It is not surprising to me that a technocratic Kevin Drum
and an insider like Scott Lemieux
cannot see Thomas Frank's
point that Obama blew his mandate in 2008. Drum and Lemieux are smart guys and I most often agree with their analysis on most issues.
But here they are wrong.
First, Obama premised his campaign on being transformative. That is why there was such emotion from so many of those who voted for him.
Second, the economy cratered to a point not seen since the Great Depression within the two months before the 2008 election, and the coolness of Obama compared to the strange zigs and zags of McCain, and the meltdown of McCain's vice presidential choice, led many in the elite who otherwise feared his transformative promises, to embrace Obama as a serious person to lead during a growing perilous time.

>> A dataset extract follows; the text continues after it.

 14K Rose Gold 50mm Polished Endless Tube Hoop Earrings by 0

Third, Obama had a great opportunity to speak to the nation in December 2008 and January 2009 and go around the nation to show all the potholes, roads, bridges and dams that needed fixing or redevelopment, to stand by shuttered buildings and say, "We can fix this! We can build this together!" and I can guarantee you that even a third of the white folks getting ready to join the Tea Party Express would have been saying, "Yeah, that black guy's gonna get me or my child a job! I'm with him!" Infrastructure redevelopment was the right response to a deflationary spiral and destruction of the stock market.
Fourth, Obama always wanted, despite his rhetoric, the Grand Bargain of the banking class, which is to undermine Social Security and Medicare and just make the rich pay a little more in income tax. His solution to the health insurance problem was to make it more complex and leave the insurers with the ultimate power in the marketplace. If he had any real sense of the tradition of Clay to Lincoln to TR to FDR and LBJ (and RFK), he would have sought a different Grand Bargain, one that many of his supporters, including my Dad, for starters, wanted to see; a bargain that said:
1. We will rebuild the nation from the inside out;
2. You, business people, will make money from government contracts for that rebuilding;
3. You, business people in return will allow for union law reform so that the profits you make are reasonably shared.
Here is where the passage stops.